- Opening Delimiter -

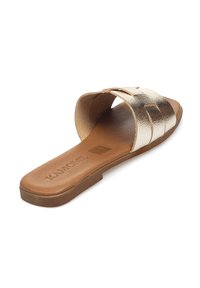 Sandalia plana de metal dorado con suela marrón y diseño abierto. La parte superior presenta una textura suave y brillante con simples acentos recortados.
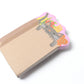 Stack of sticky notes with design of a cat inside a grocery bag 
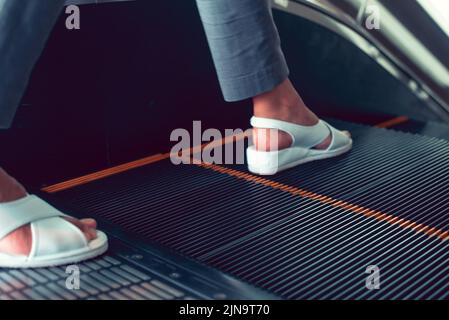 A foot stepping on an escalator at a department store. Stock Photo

- Closing Delimiter -
- Opening Delimiter -

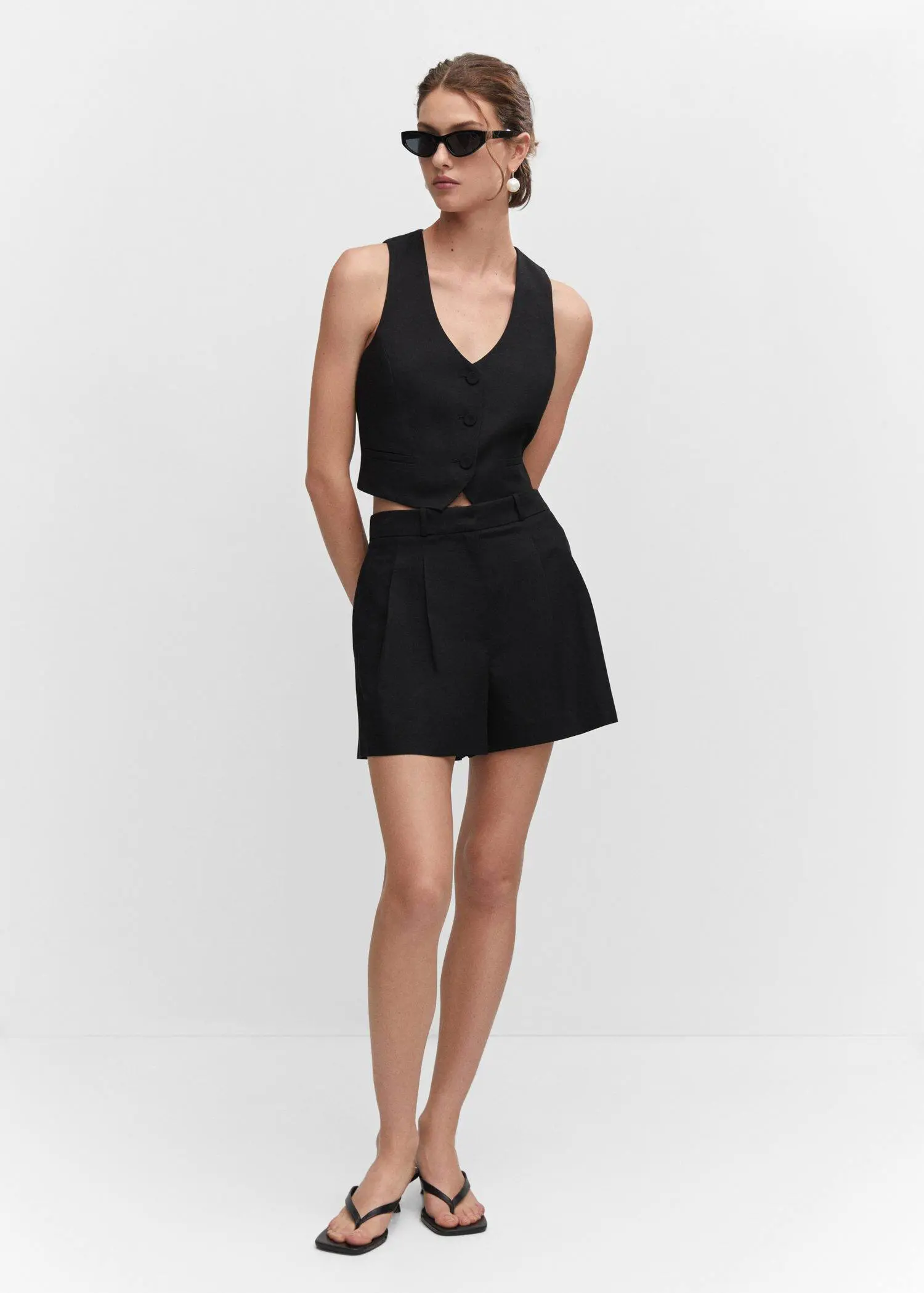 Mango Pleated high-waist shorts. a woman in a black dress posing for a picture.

- Closing Delimiter -

» Activity:
Above are the records; please give again, exactly and in full, only the lines that run from the line with "Stack of sticky" through the line with "A foot stepping", with no pictures.

» Solution for this problem:
 Stack of sticky notes with design of a cat inside a grocery bag 
 A foot stepping on an escalator at a department store. Stock Photo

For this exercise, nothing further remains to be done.